The Sapodilla, Manilkara zapata, is a large evergreen tropical tree native to Central America and Mexico. Although it is slow growing it is a recommended large shade tree because of its high resistance to breakage and uprooting by strong winds. The tree also has a high degree of tolerance to salt and is often used in seaside plantings.

The sapodilla will adapt to a wide range of soil types and growing conditions but will be injured by low temperatures of 26°F or lower. The tree is quite drought resistant once it has been well established, and will also survive short periods of flooding with no ill effects. Young trees should be fertilized about every other month with a citrus or fruit tree type fertilizer.

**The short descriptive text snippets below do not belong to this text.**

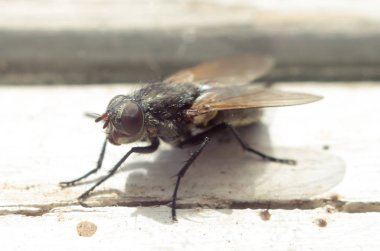 Kırık bir tahtaya closeup sinek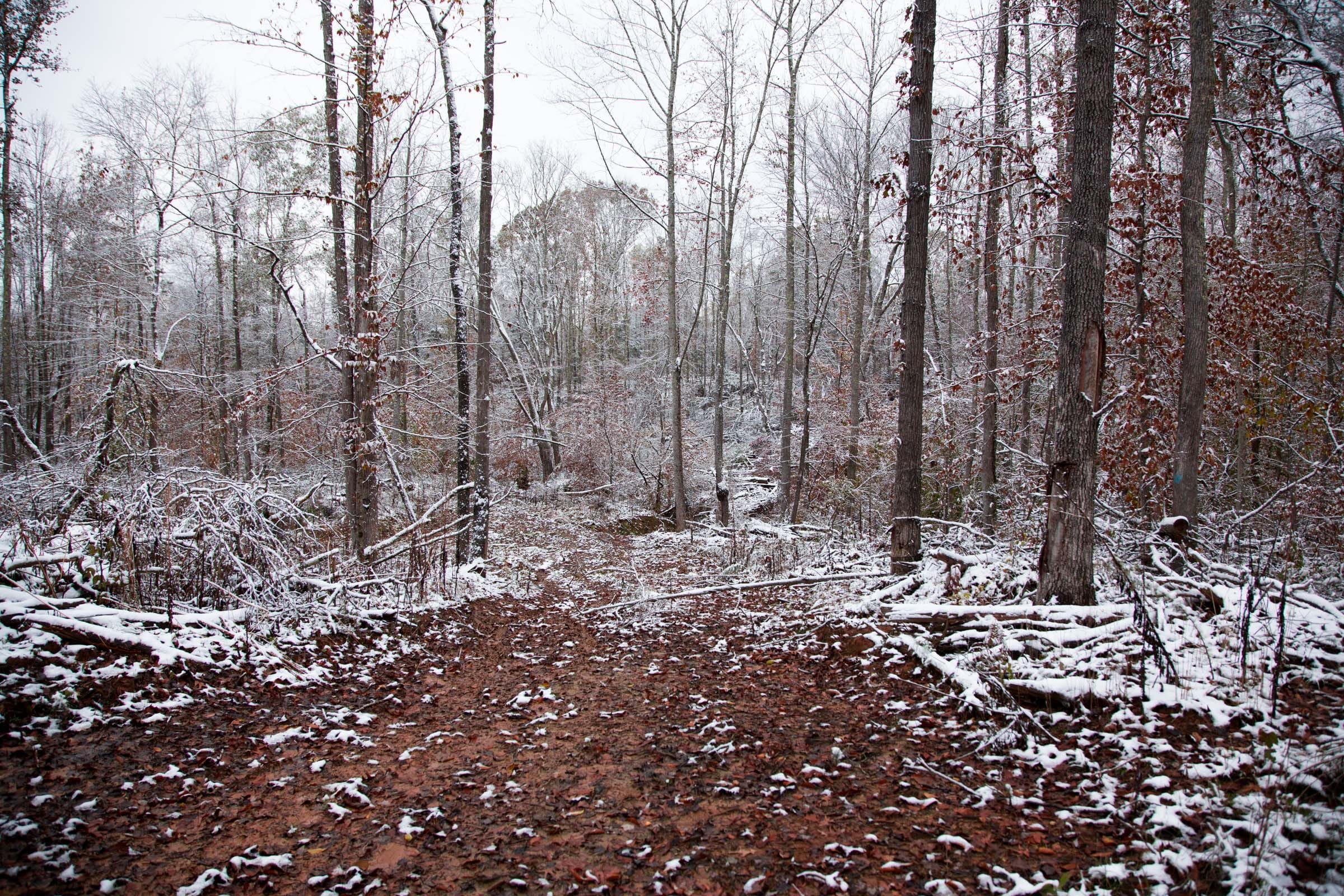 Sweet Water Ranch Tract 11 photo 2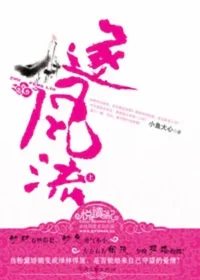 小魚大心《逐風流》封面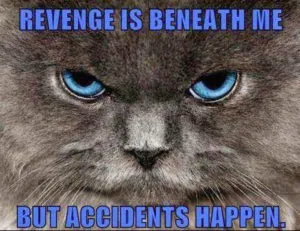 revenge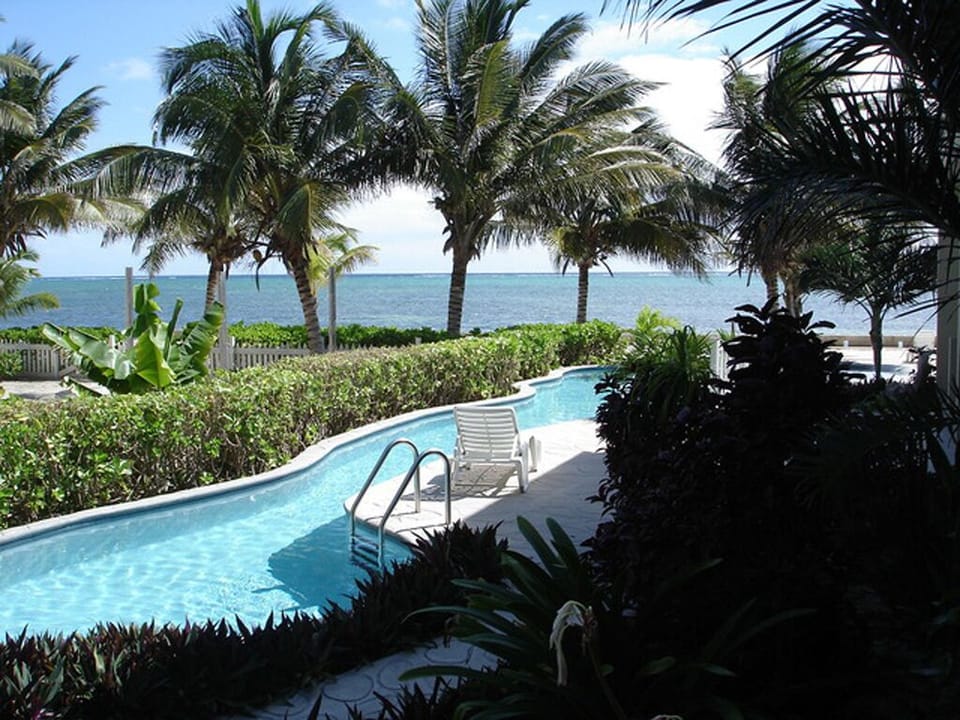 Patio view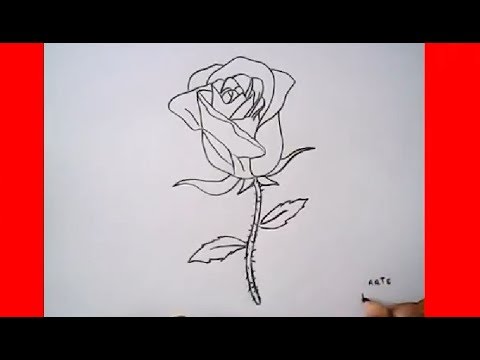 Como dibujar una rosa? (NIVEL: medio) | HD - thptnganamst.edu.vn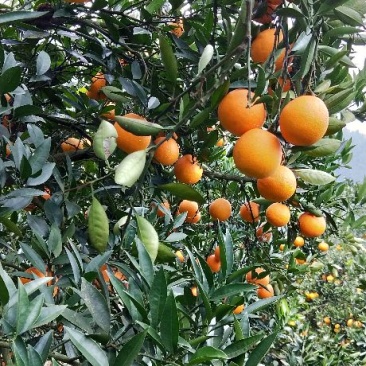 脐橙自家无中间商75~80mm上车价格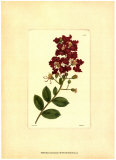Red Curtis Botanical II Plakater Red Curtis Botanical II Plakater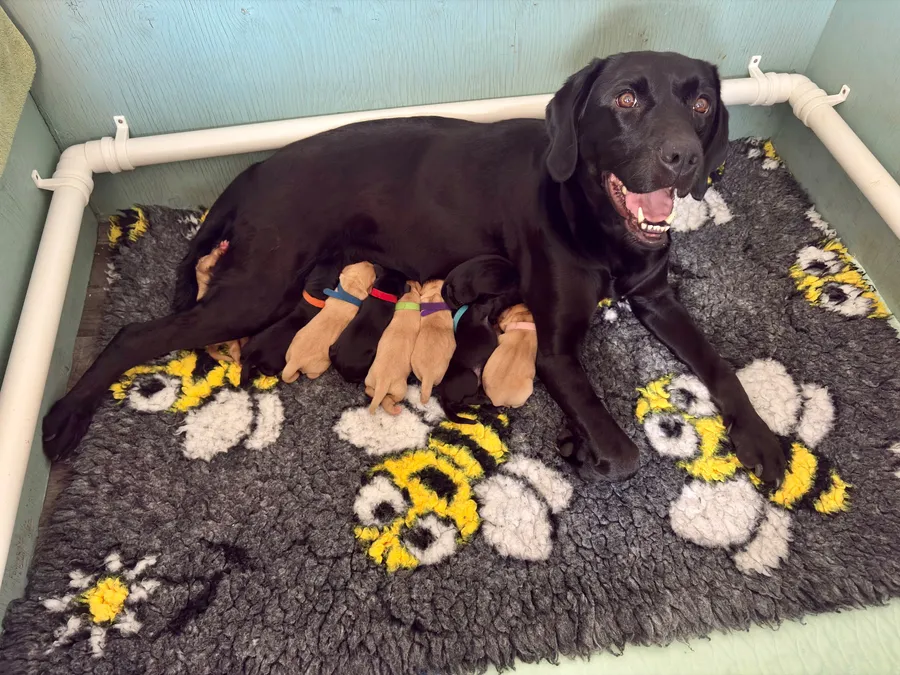 Exceptional Kc registered Labrador puppies image 2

After the first year, trees only need to be fertilized 2 or 3 times a year.

Small inconspicuous 3/8 inch flowers are born throughout the year and the large 2 to 4 inch, round or egg shaped, brown fruit mature primarily during the warmest months, though some fruits may mature during the winter. The flesh is usually light yellowish- brown with a texture that varies from smooth to granular, and has a sweet pleasant taste. There might be no seeds at all or there could be as many as 6--10 hard, shiny, flat, black 3/4 inch seeds. When fruits reach their maximum size they are usually picked and allowed to ripen off the tree. If you allow them to ripen on the tree, the fruit will likely be destroyed when it falls to the ground as fully ripe fruits are quite soft.

Sapodilla fruits can be used in a variety of ways as a fresh fruit, as the latex in the fruit is a problem when fruit are cooked.

Landscape nurseries offer sapodillas for sale but many of these have been propagated from seed and may be inferior in fruit quality and productivity. a number of seedling trees in South Florida produce good quality fruit and these can be propagated by grafting or airlayering. Named varieties you may find include "Prolific", "Brown Sugar", "Modello'" "Russell", and "Martin". When selecting for fruit characteristics, trees of good quality can be grafted or air-layered.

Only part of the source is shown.